- [PROBLEM] Which lines run from the one with "CHROME LEICA FOCUSSING" through the end of the data? Retype them exactly, without pictures.

───── RECORD EXCERPTS ─────

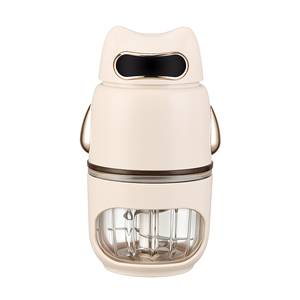 Mixeur <span class=keywords><strong>pour</strong></span> aliments <span class=keywords><strong>pour</strong></span> bébés en plastique et verre avec gobelet, <span class=keywords><strong>pour</strong></span> repas frais, fruits, légumes, viande et purées - Product Image 2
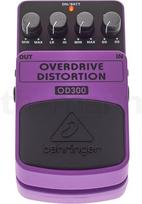 Behringer Od300 Overdrive/distortion gitaros efektų pedalas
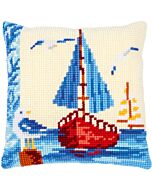 Vervaco kussenpakket zeilboot pn-0183156 borduren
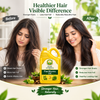 Basic Ayurveda Brahmi Hair Oil for Hair Growth & Scalp Nourishment | Enriched with Brahmi Herbal Extract | Helps Strengthen Hair Roots, Reduce Hair Fall & Promote Healthy Looking Hair | Suitable for All Hair Types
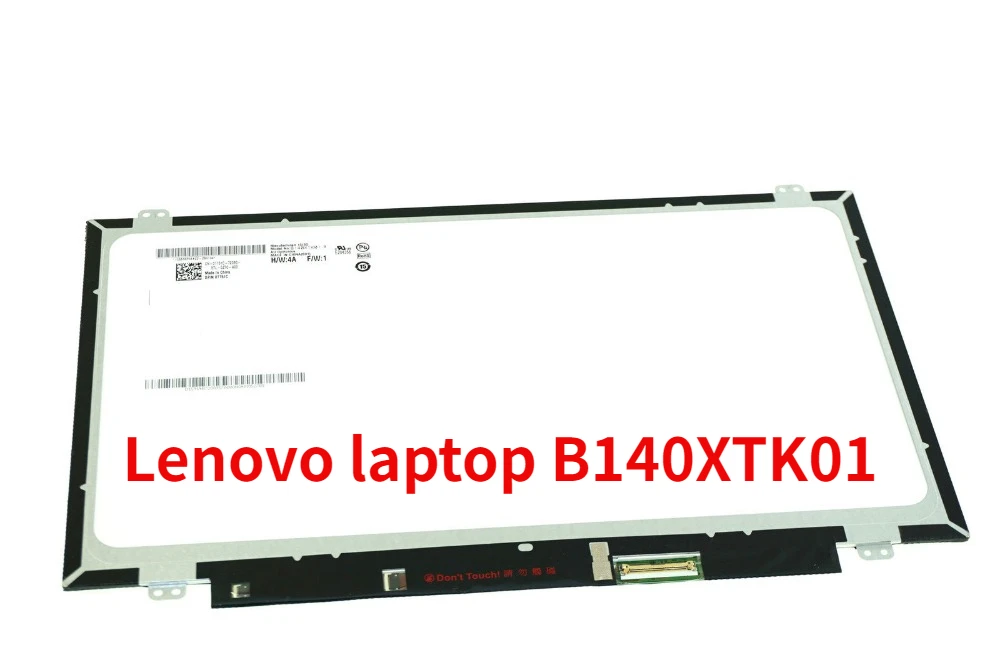 

For AUO B140XTK01.0 for Lenovo laptop B140XTK01 HD 1366X768 WITH TOUCH 14.0" HD LED LCD Screen Panel Glossy Replacement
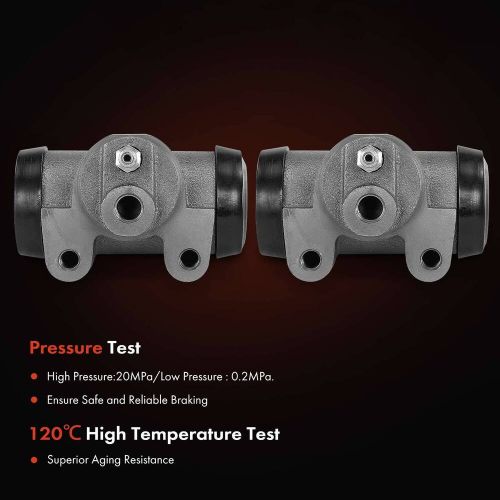2x Drum Brake Wheel Cylinder for Dodge B-4/C-1 Truck B-2 B-3 C-3 C-4 Rear LH&RH, US $27.49, image 6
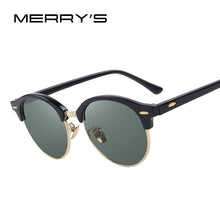 Load image into Gallery viewer, MERRYS Retro Rivet Polarized Sunglasses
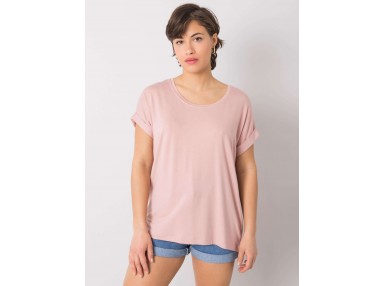 T-shirt en coton - rose clair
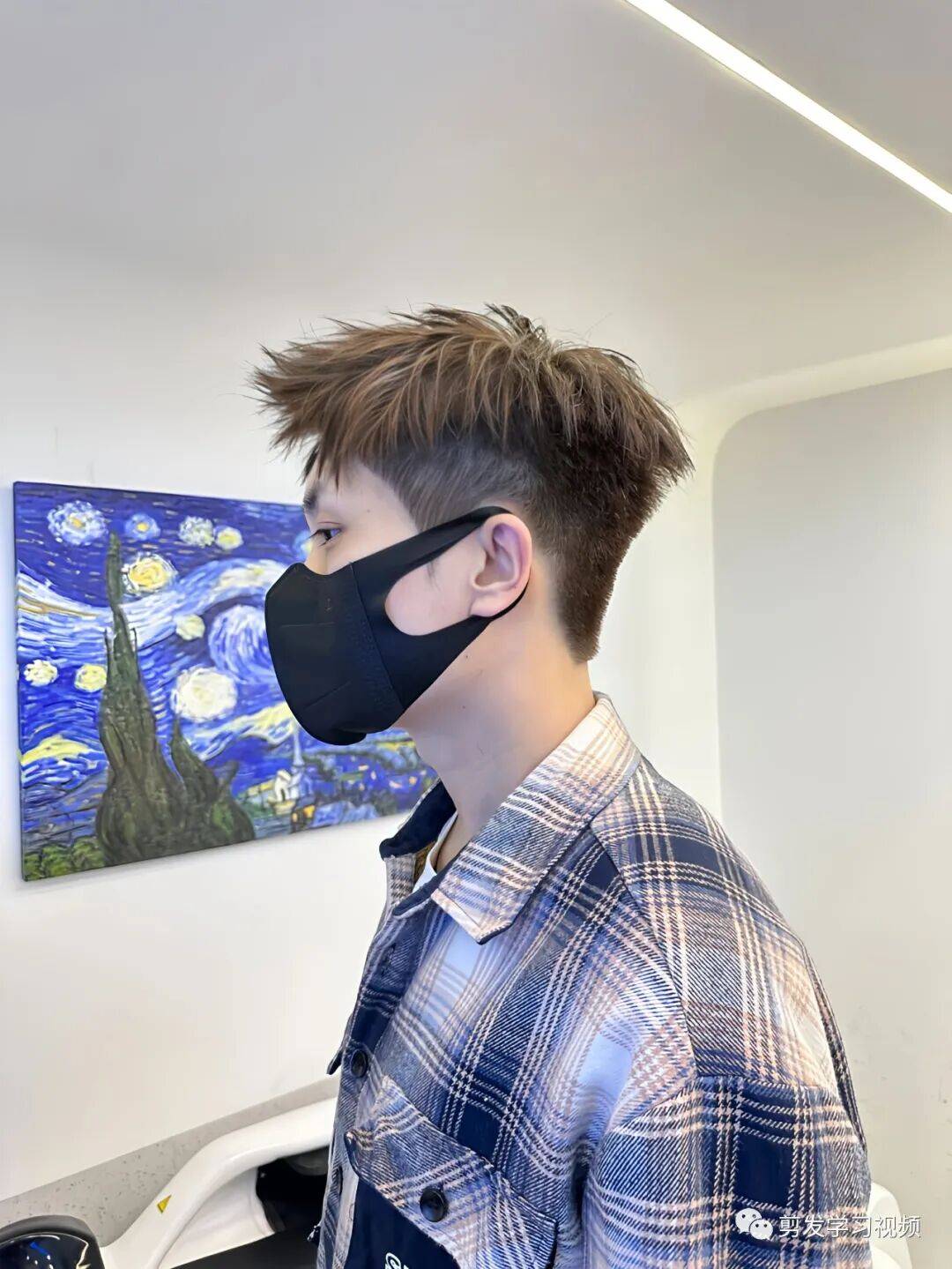 发廊精选帅气男士发型30款 发廊精选帅气男士发型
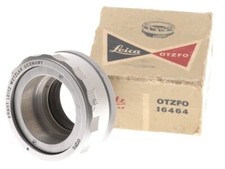 CHROME LEICA FOCUSSING LENS MOUNT ADAPTER 16464 HELICOID CLEAN LEITZ OTZFO BOXED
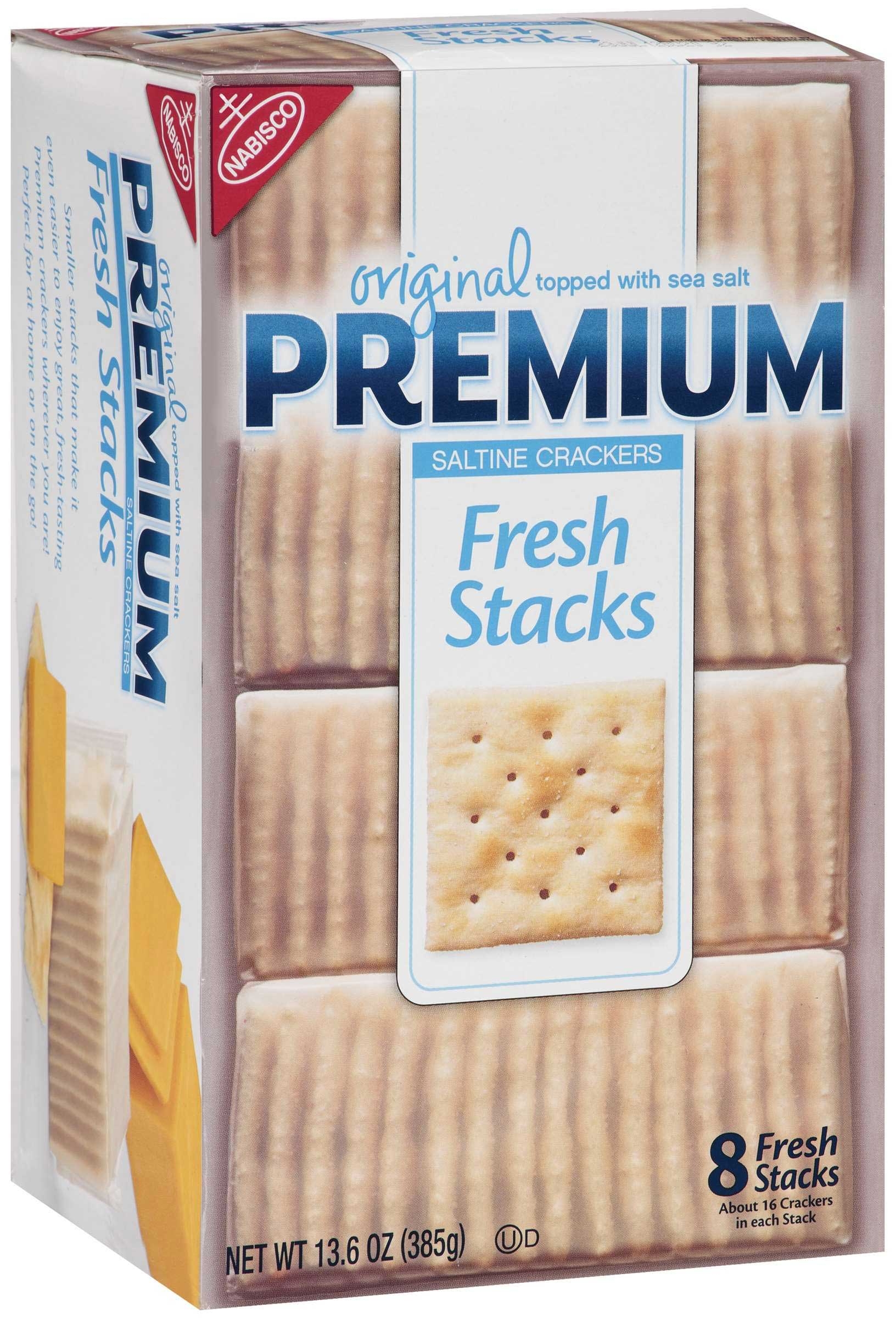 Nabisco Original Premium Fresh Stacks Saltine Cracker, 13.6 Ounce -- 6 per case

─────

- [WRITTEN ANSWER]
 CHROME LEICA FOCUSSING LENS MOUNT ADAPTER 16464 HELICOID CLEAN LEITZ OTZFO BOXED
 Nabisco Original Premium Fresh Stacks Saltine Cracker, 13.6 Ounce -- 6 per case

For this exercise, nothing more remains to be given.